This thesis develops an understanding of the context, and operating nexus linking synchronous machine excitation requirements and ballast load frequency controllers in remote area power supplies in developing communities in the Pacific. A framework has been developed to serve as a guide for this study as well as future technology transfer projects. Remaining chapters in the thesis coalesce to offer confidence in the hardware solutions presented: an alternative, simpler exciter supply circuit; and a novel method for drying alternator windings.
The thesis stems from an ongoing need for the APACE-VFEG technical team to develop dedicated systems and hardware solutions for micro-hydroelectric systems. The close relationship between system designer and rural community users has afforded a wealth of valuable ‘technical’ experience and knowledge. Much of this ‘intellectual property’ remains in-house. We have evidence to show there is merit in the models and community partnership approach adopted; this study affords an appropriate vehicle to research this ‘contextual’ material with more rigour.
A void between two standpoints is apparent: one where researchers identify barriers to technology transfer at a systems or sociology level - and lack depth in technical design aspects; the other standpoint where electronic systems designers typically remain focussed on component level analysis of their equipment - and hence fail to consider the broader contextual issues. The study promotes the thesis that, beyond the barriers to technological diffusion at institutional, social, and political level (which appear to dominate the issues normally considered), problems remain in providing sustainable technical solutions for this small Pacific island context.
The framework is developed to provide guidance for this study and for future technology transfer projects. Soft Systems Methodology, STEEP analysis, the concepts of Actor Network Theory, and technology compatibility, readiness, and maturity afford pertinent insights to the framework at the institutional, actor, and technical levels.

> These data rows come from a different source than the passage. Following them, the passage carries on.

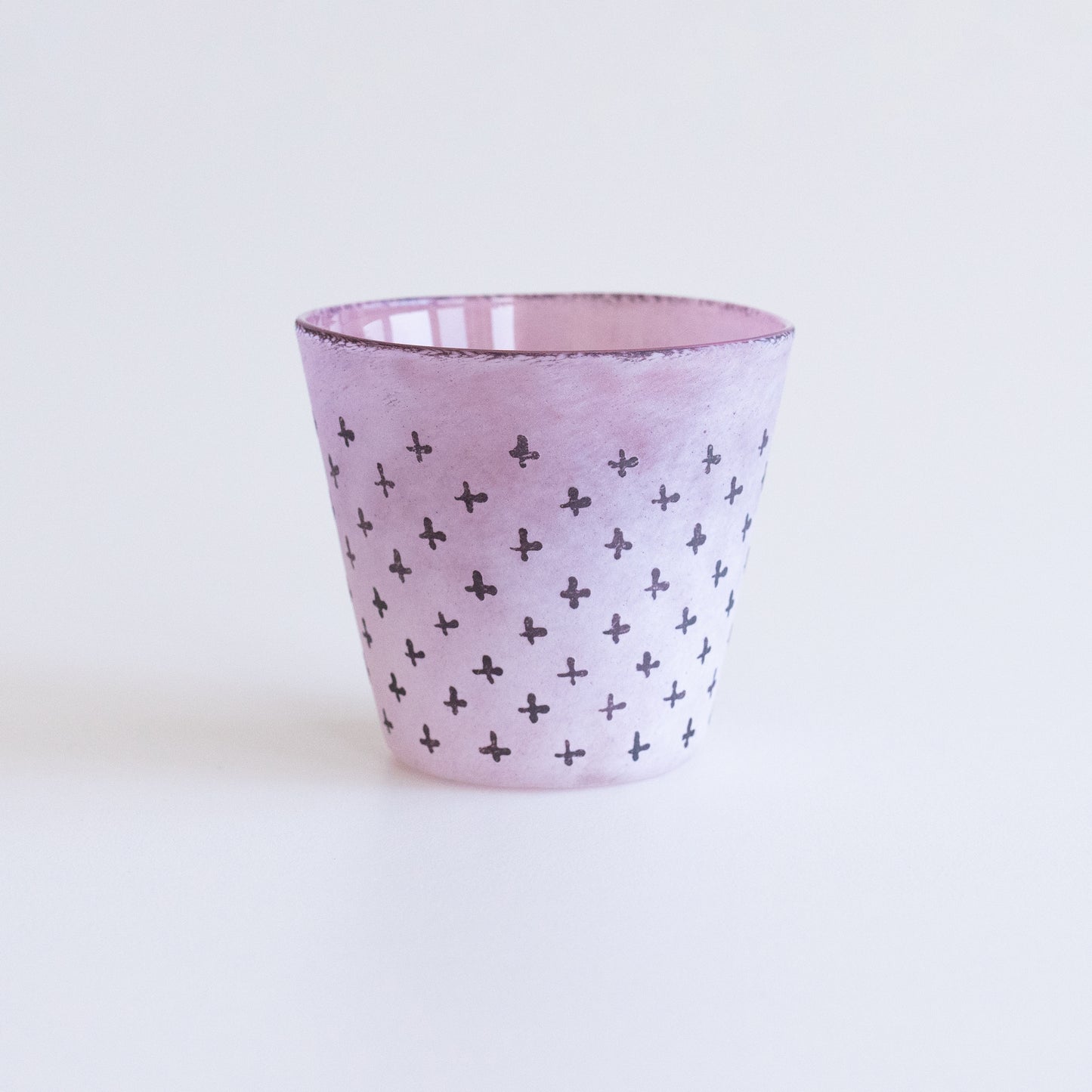 Yamazaki Glass Cup
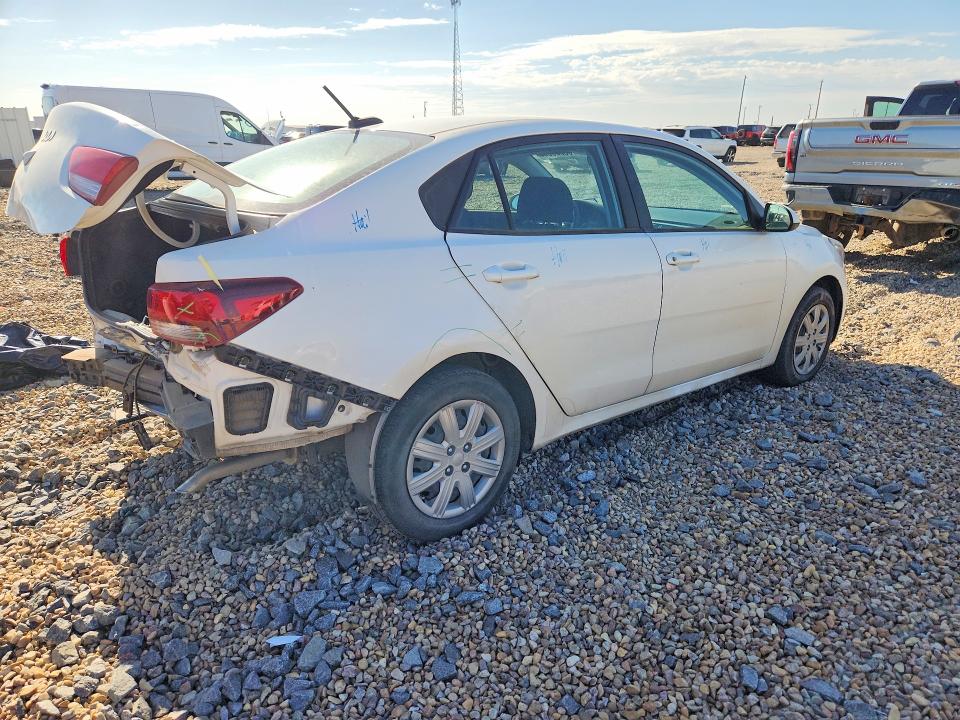 Aukcja sprzedaży 2023 Kia Rio, vin: 3KPA24AD2PE555332, numer aukcji: 66028356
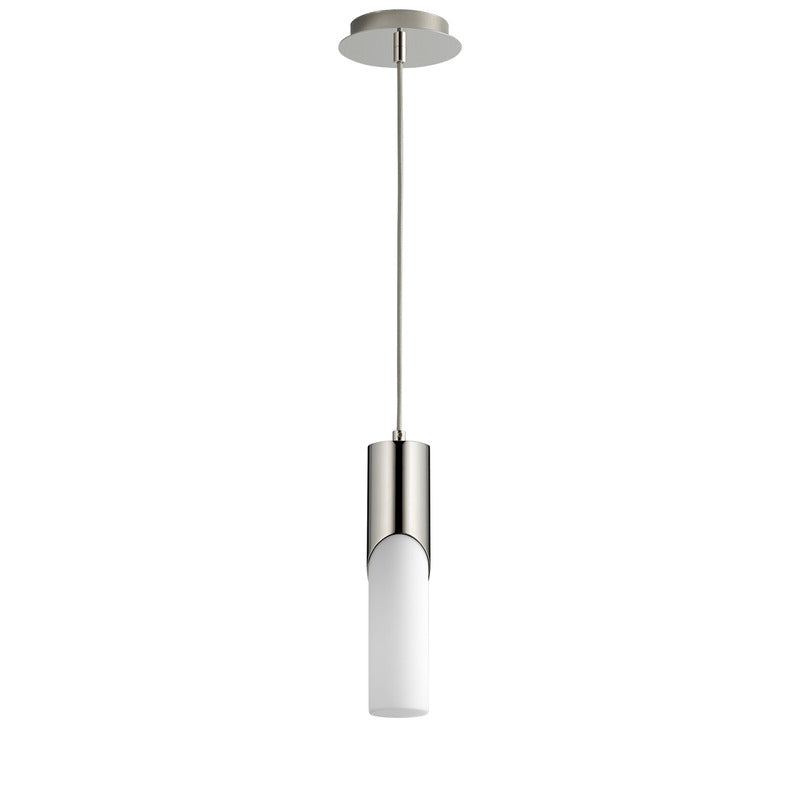 Ellipse Tall Pendant Light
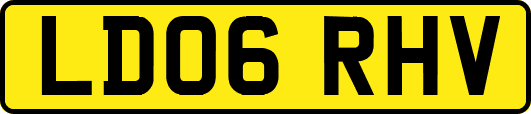 LD06RHV
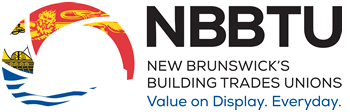 The New Brunswick Building Trades Unions
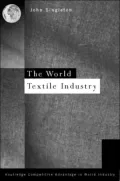 The World Textile Industry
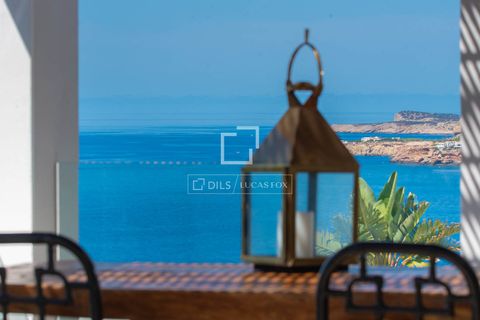Villa a Cala Vadella, Ibiza, Cala Vadella - € 4.950.000 | Ref: IBZ62702 - foto 10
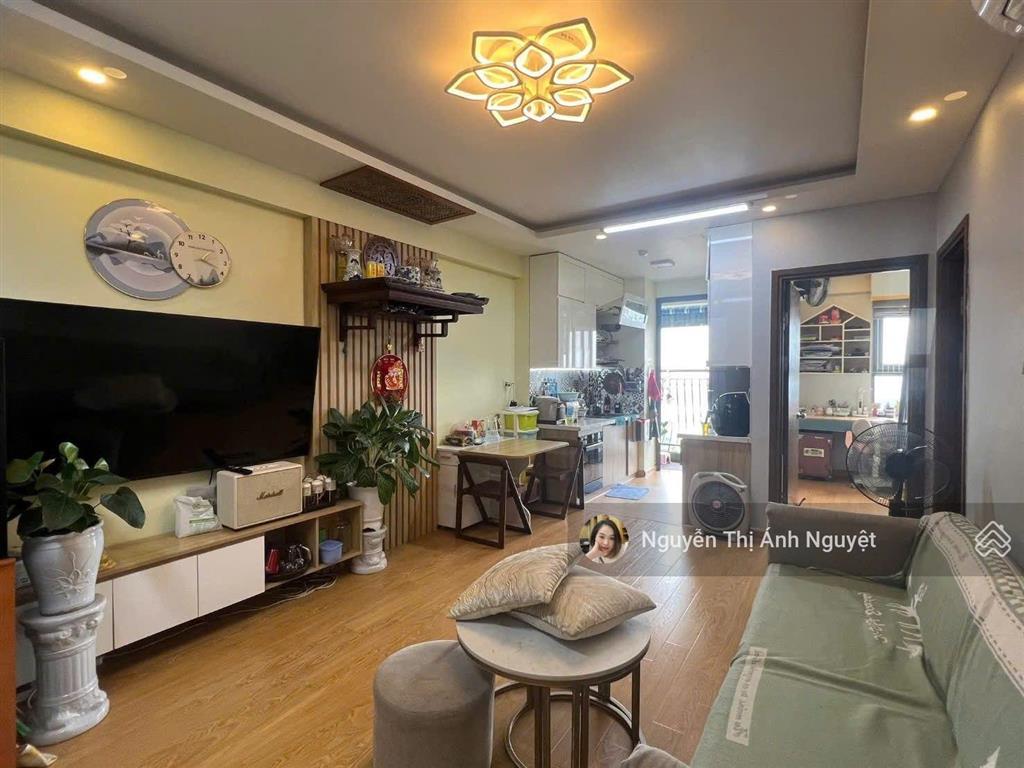 Bán căn hộ chung cư gelexia riverside, 5,4 tỷ, 65m2, 2pn, 2wc, chính chủ, hot!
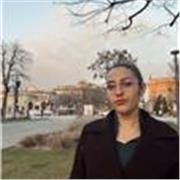 studentessa di scienze della comunicazione da ripetizioni di italiano (grammatica, letteratura e per stranieri)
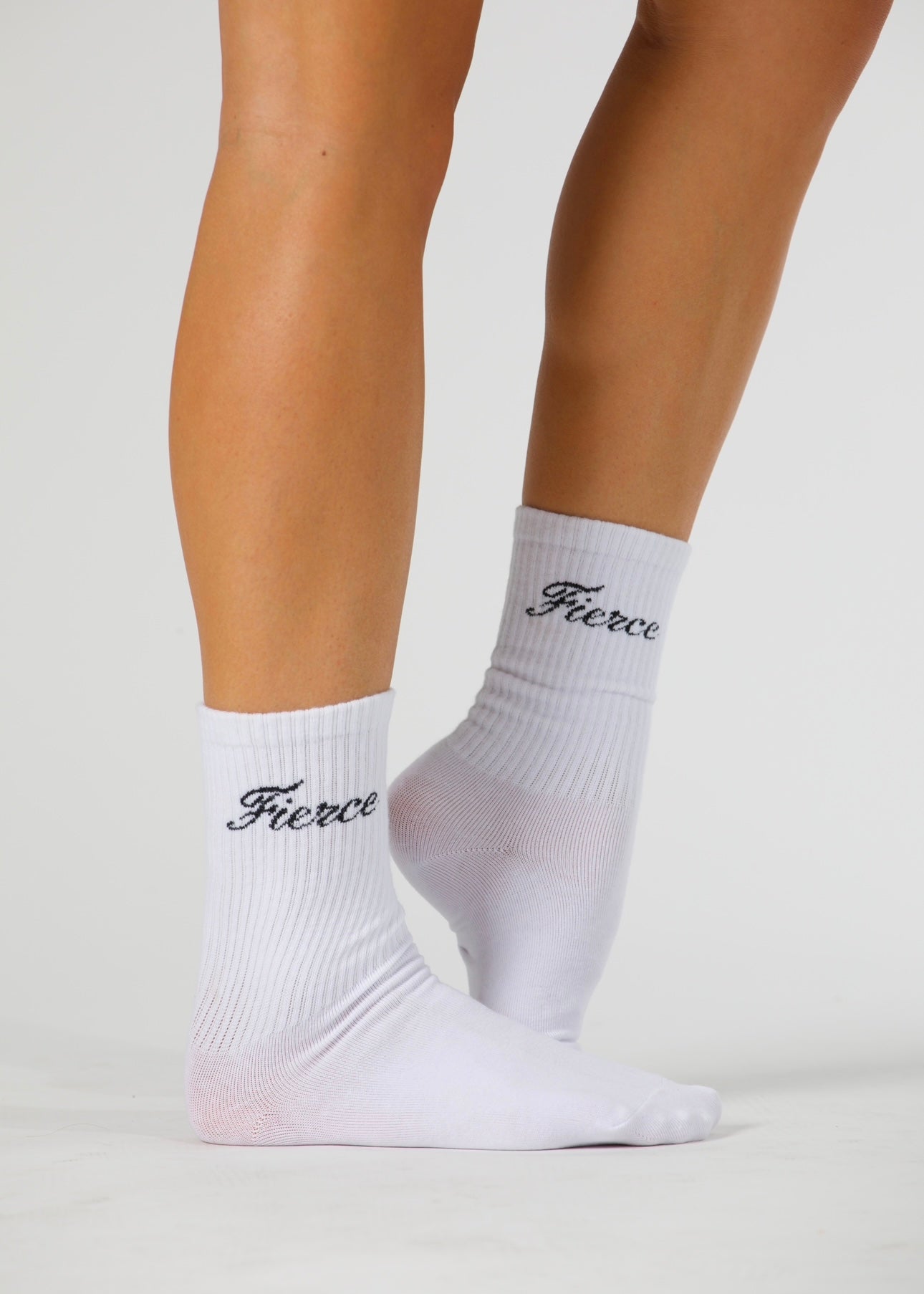 Fierce Socks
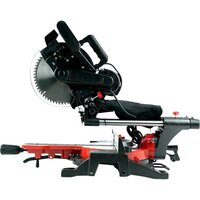 Торцовочная пила TEH TMS25519B - Превью изображения №4 — Интернет-магазин Time-Shop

A review of literature pertinent to this study has been completed and gaps identified in the general body of knowledge associated with micro-hydroelectric systems for consideration in this study. Focus areas include the assumption that an Automatic Voltage Regulator (AVR) is the only solution, the requirements for flywheels, and the various explanations for what causes the unsatisfactory operation of (AVR excited) ballast load controlled micro-hydroelectric systems.
This thesis shows that despite the complexity of interconnections and time constants involved, a complete and verified control systems model developed from first principles is achievable. Relationships between the system steady state operating points and the equations describing the system parameters (accelerating torque, moment of inertia, armature current, alternator rotor speed) are modelled, simulated, and verified with measured responses on a full scale micro-hydroelectric test rig. Further system testing shows an alternative solution to the AVR exists, flywheels may not be a necessity, and the cause of the unsatisfactory operation (with AVR excitation) stems from the similar time constants of the two feedback control systems (the frequency controller and voltage regulator) as well as the Under Frequency Roll-Off characteristic of the AVR.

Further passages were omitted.